# Work instructions
Omitting all images, set down every line below exactly as it appears.

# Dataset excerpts
>>>

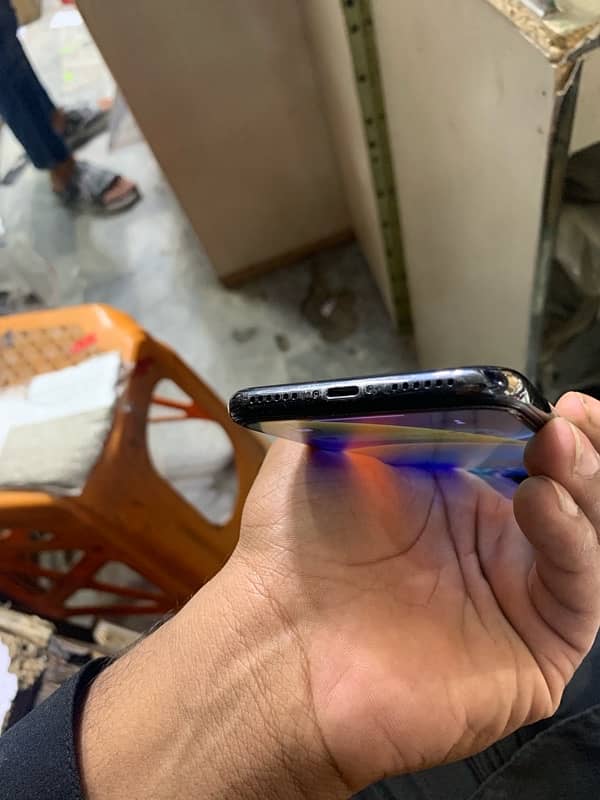 i phone x 256/gb PTA prove All Ok 6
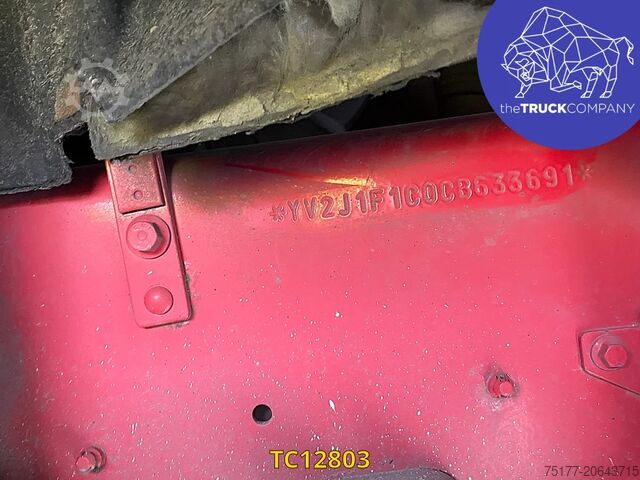 Transportasi berpendingin/beku Volvo FM 410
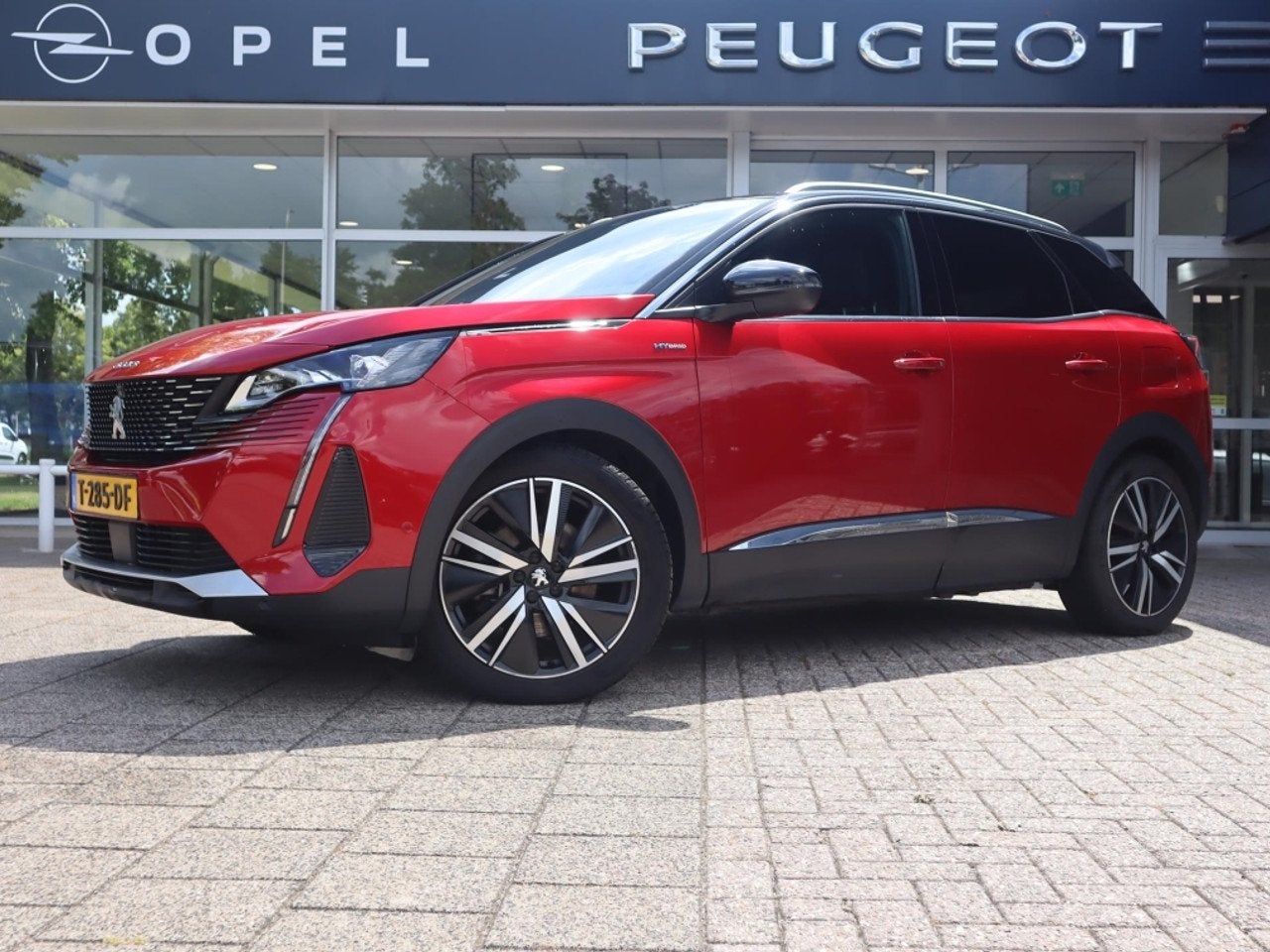 Peugeot 3008 SUV GT Pack Business Plug-in HYbrid 225pk e-EAT, Plug-in hybride, Bedrijf, Hybride Elektrisch/Benzine, SUV of Terreinwagen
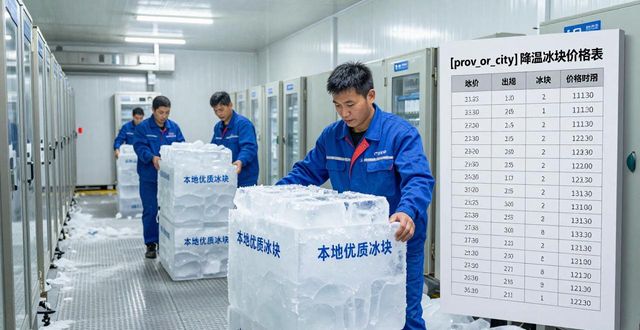 仙桃降温冰块多少钱一吨？本地制冰厂报价来了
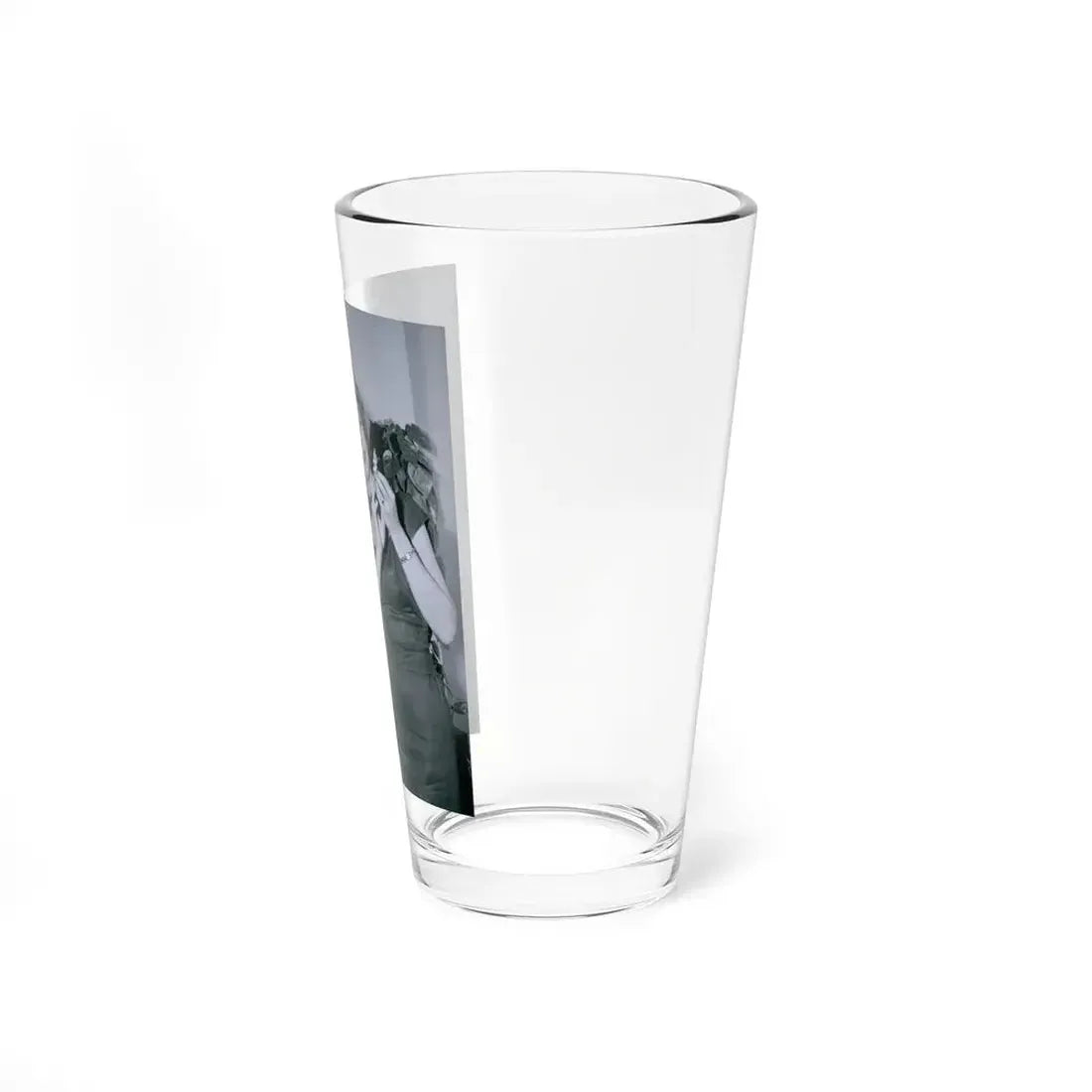 Leslie Parrish #234 (Vintage Female Icon) Pint Glass 16oz - Go Mug Yourself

<<<

# Exercise answer
 i phone x 256/gb PTA prove All Ok 6
 Transportasi berpendingin/beku Volvo FM 410
 Peugeot 3008 SUV GT Pack Business Plug-in HYbrid 225pk e-EAT, Plug-in hybride, Bedrijf, Hybride Elektrisch/Benzine, SUV of Terreinwagen
 仙桃降温冰块多少钱一吨？本地制冰厂报价来了
 Leslie Parrish #234 (Vintage Female Icon) Pint Glass 16oz - Go Mug Yourself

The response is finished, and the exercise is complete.